Les Jeux olympiques et paralympiques de Paris 2024 auront occupé une très grande place dans l’espace médiatique ces derniers mois : les performances des sportifs, la magie des cérémonies d’ouverture et de clôture, les gros plans sur les volontaires, l’enthousiasme et la liesse populaire… Tout cela, donc, aura été largement commenté. Nettement moins mises en lumière, en revanche, ont été les coulisses du Comité d’organisation des Jeux olympiques et paralympiques de Paris 2024, une association créée en 2017. S’il n’y avait que quelques salariés au départ, ils ont été de plus en plus nombreux au fil de l’avancée du projet : on est ainsi passé d’une petite centaine en 2018 à 2 500 en 2023 et 4 200 salariés pendant les Jeux – en CDI pour ceux recrutés avant mars 2023, en CDD pour ceux arrivés après.

1. À la demande des intéressés, les prénoms ont été changés.

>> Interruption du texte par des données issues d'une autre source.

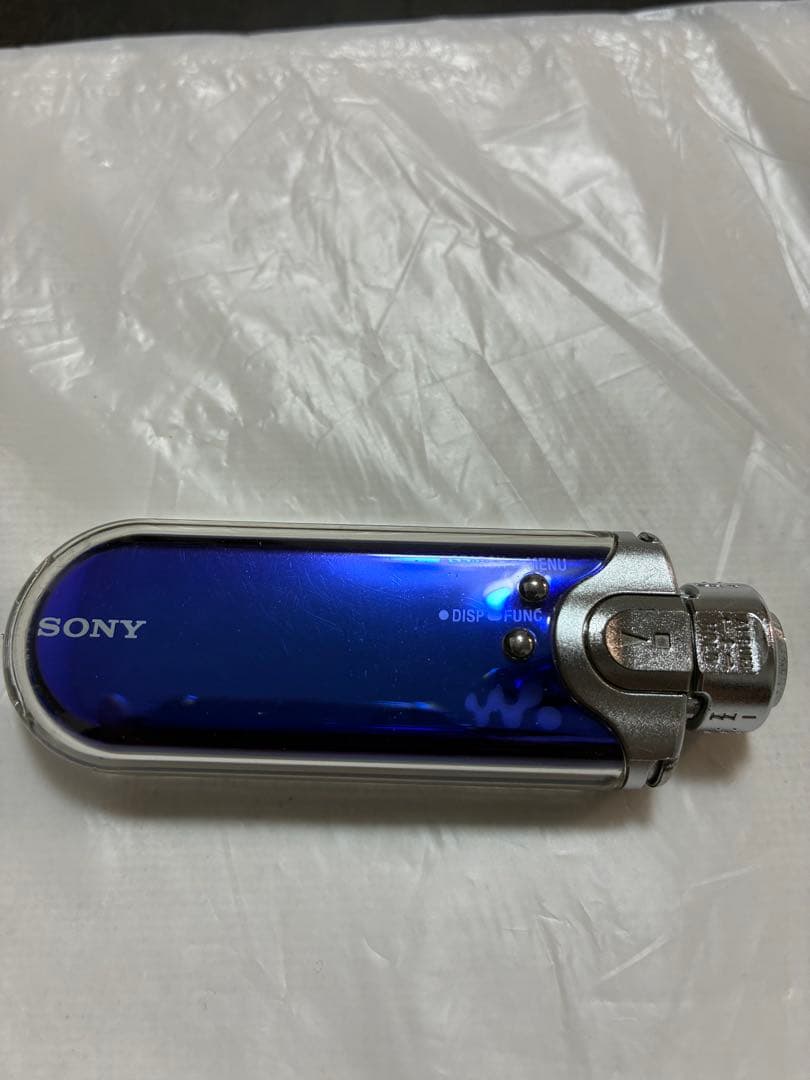 ソニー　ウォークマン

Au début de septembre dernier, les effectifs ont fondu, « divisés par deux tous les quinze jours », précise Antoine1, l’un des membres de la jeune section CFDT. Trois semaines après la fin de l’événement, il n’y avait plus que 700 salariés. Cette décrue devrait d’ailleurs se poursuivre jusqu’à la clôture définitive des comptes, en juin 2025. Une telle situation se révèle inédite pour le monde syndical : à la fois des obligations et des contraintes partagées par toutes les entreprises ou associations (installation d’un CSE, négociation d’accords, respect du droit du travail, accompagnement des salariés, etc.) mais également des modalités totalement atypiques compte tenu de la spécificité de l’événement. Y compris en matière de négociation d’un PSE (signé en janvier 2024), alors que les Jeux n’avaient pas encore eu lieu…

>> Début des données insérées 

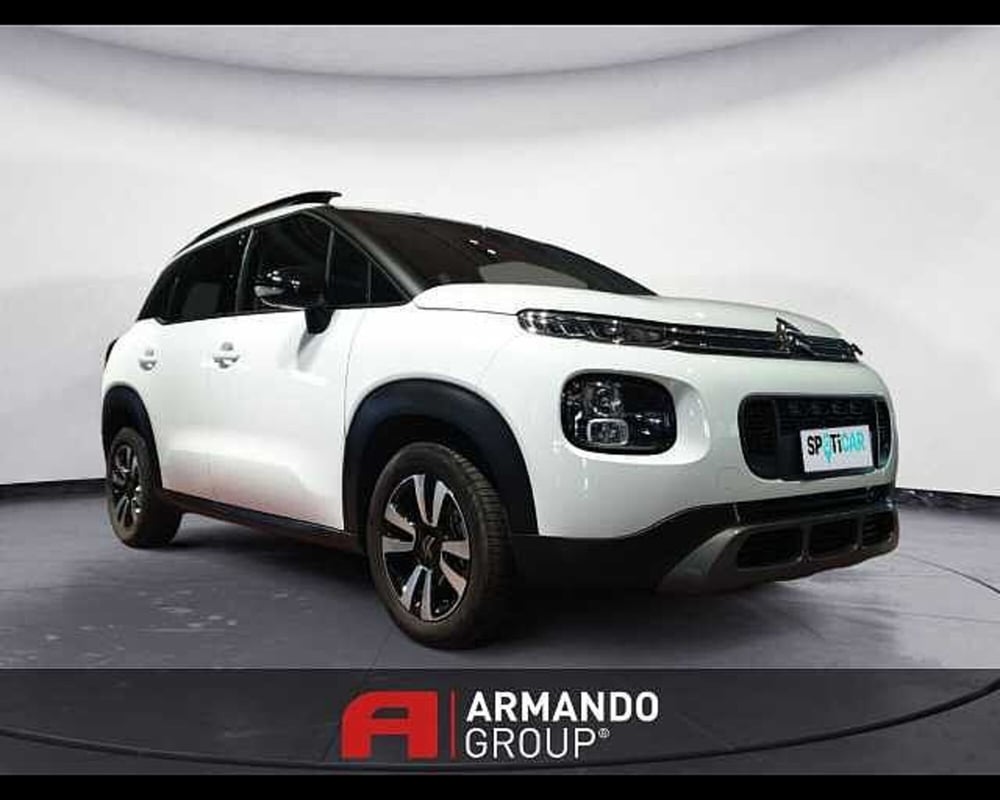 Citroen C3 Aircross usata a Cuneo (3)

La CFDT très présente dans le monde du sport

Dans ce contexte très particulier, la jeune équipe du comité social et économique, élue en janvier 2022 sous la bannière CFDT, mériterait bien une médaille. Si aucun de ses membres n’a été syndiqué auparavant, le choix de la CFDT, lui, semblait relever de l’évidence, souligne Solenn. « La CFDT est l’organisation syndicale la plus présente dans le monde du sport, et ses valeurs étaient bien alignées avec les nôtres », ajoute Antoine. Une fois en place, l’équipe, totalement novice mais redoutablement efficace, a épluché sans tarder les dossiers puis s’est installée à la table des négociations. « Tout était à faire », rappelle Solenn.

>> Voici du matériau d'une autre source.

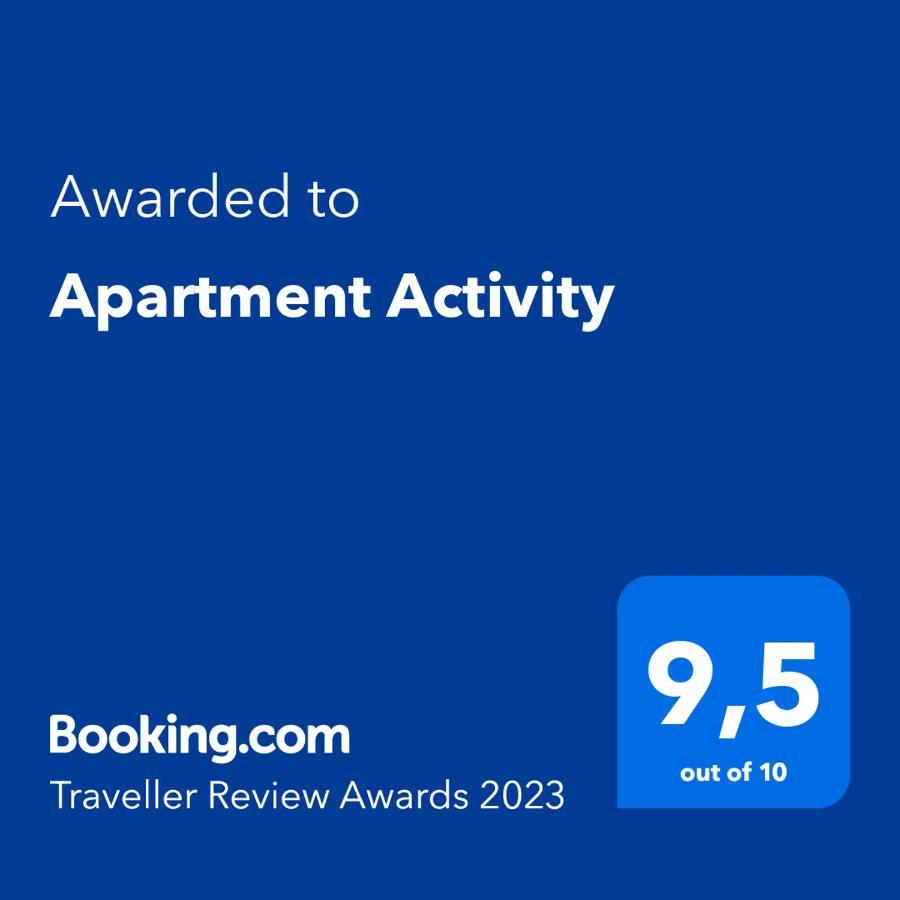Apartment Activity Radomlje Kültér fotó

2. Négociations annuelles obligatoires.

Six mois à peine après les élections, les élus CFDT signent leur premier accord d’entreprise, relatif au temps de travail et aux congés. En décembre 2022, ils obtiennent des NAO2 une prime inflation. Au CSE, ils multiplient les initiatives et créent diverses commissions (dont un fonds de solidarité afin d’aider les salariés traversant des difficultés ou connaissant une situation de précarité). Dès début de l’année 2023, ils abordent le chantier délicat qu’est la préparation du plan social. Un PSE bien particulier du fait du profil des salariés concernés (tous de niveau bac + 4 ou bac + 5) et parce que chacun savait, en se lançant dans l’aventure, qu’elle arriverait rapidement à son terme.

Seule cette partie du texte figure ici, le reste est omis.